AMSTERDAM – British indie rock band Lostprophets released their fourth studio album The Betrayed earlier this year. Several producers tried their hand at the record, but the band was never fully satisfied with the results until they decided to just do it themselves. “Nobody was really understanding what we wanted to say with the songs.”
Lostprophets is an alternative rock band from Wales. Since 2000, the six-headed formation released four albums. Their latest effort, The Betrayed, appeared in January 2010 and was produced by the band's bass player Stuart Richardson.
The choice to produce the album themselves came at a high cost, keyboard player Jamie Oliver reveals: “We went into the studio and spent, like, 400 thousand dollars with a producer, and finished a record. But then we just went 'that's not us'. A weaker band would have felt like they'd better put it out anyway, but we just couldn't do it. We gotta play this every day, you know. So we basically went, look, it's all or nothing, and we threw it in the bin and we started again. It was frightening.”
After some deliberation, the band members decided that working with an external producer was the bottleneck. “A producer can only ever interpret what you're trying to convey to them,” drummer Luke Johnson explains, “they interpret your vision of what you want your album to sound like. Having Stu produce the record meant the vision between everybody in the band came together as one. So rather than an interpretation, it's you actually getting what the band wanted the record to be like.”

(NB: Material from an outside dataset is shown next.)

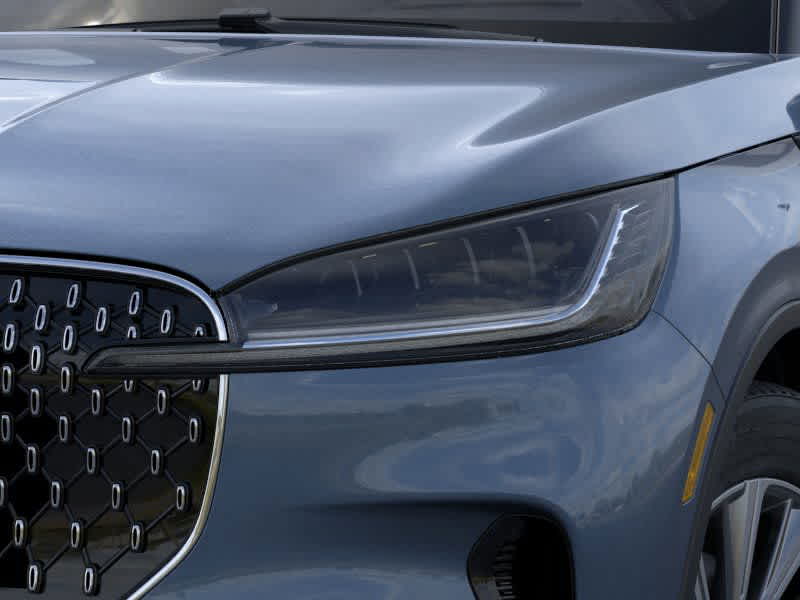 new 2025 Lincoln Aviator car, priced at $67,540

The radical decision had a big effect on the band's morale: “As soon as we decided to do it ourselves we got our chests pumped up and we felt really proud," reminisces Oliver. "The responsibility was entirely on our shoulders. That was really exciting. And that's where the album was born, trough that kind of tension that hasn't really been there since the beginning.”
This newfound excitement came at a perfect time, too. Lostprophets had been on indie label Visible Noise for the last ten years, but that contract had now ended. For the band, this is an opportunity to start anew. “It's weird, because most bands would be like 'game over' at this point,” Oliver realizes. “But for us, I really feel like it's about to start. We're gonna take the training wheels off of our bike and start riding ourselves.”